Hay River Reserve (Dec 05/05) - Members of K'atlodeeche First Nation on the Hay River Reserve will vote in a Dec. 7 referendum on proposed changes to the way their leaders are chosen.

Among the more significant changes, one proposal in the referendum would eliminate a separate vote for chief. Instead, the highest vote-getter among those running for council would become chief.

"It used to be done that way at one time," says Chief Roy Fabian, noting many people think there is often a person on council who would make a good chief.

The proposed changes would also increase the number of councillors to six from the current four, plus a chief.

Fabian says under the federal Indian Act it is recommended that bands have one councillor for every 100 members.

"We figured we should go for six councillors," he says, noting there are over 550 members of the band.

Another change would be longer terms of office - from the current two to three years.

The referendum is also proposes to raise the voting age to 19 from 18.

Fabian says band members felt the extra year would make a difference in the level of maturity of voters. "Kids are still in school at 18."

The chief says some people felt that having 18-year-olds vote was putting too much pressure on young people. "They shouldn't be saddled with these issues at an early age."

Under the proposed changes, band members would also have to reside on the reserve for at least two years before running for council, although they would still be able to vote.

"The culture is different here on the reserve," Fabian notes.
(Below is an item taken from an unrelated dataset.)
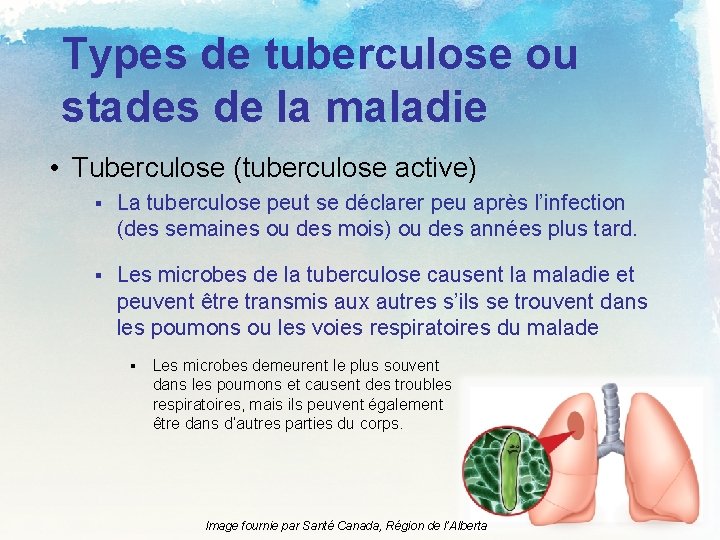Types de tuberculose ou stades de la maladie • Tuberculose (tuberculose active) § La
Other proposed changes include establishing a mail-in ballot system to allow band members living elsewhere to vote more easily, increasing the nomination period from 30 to 45 days, and increasing the number of signatures needed to launch a recall process of a chief or councillor from 25 to 50. Candidates would also not be allowed to nominate other candidates.

The proposals were developed with the help of a consultant and have been reviewed by a lawyer.

"It's something we've been working on over the years," Fabian says.

K'atlodeeche First Nation established a formal election code in 1990, and there have only been minor changes since, he notes. If approved, the changes would come into effect for the election set for next summer.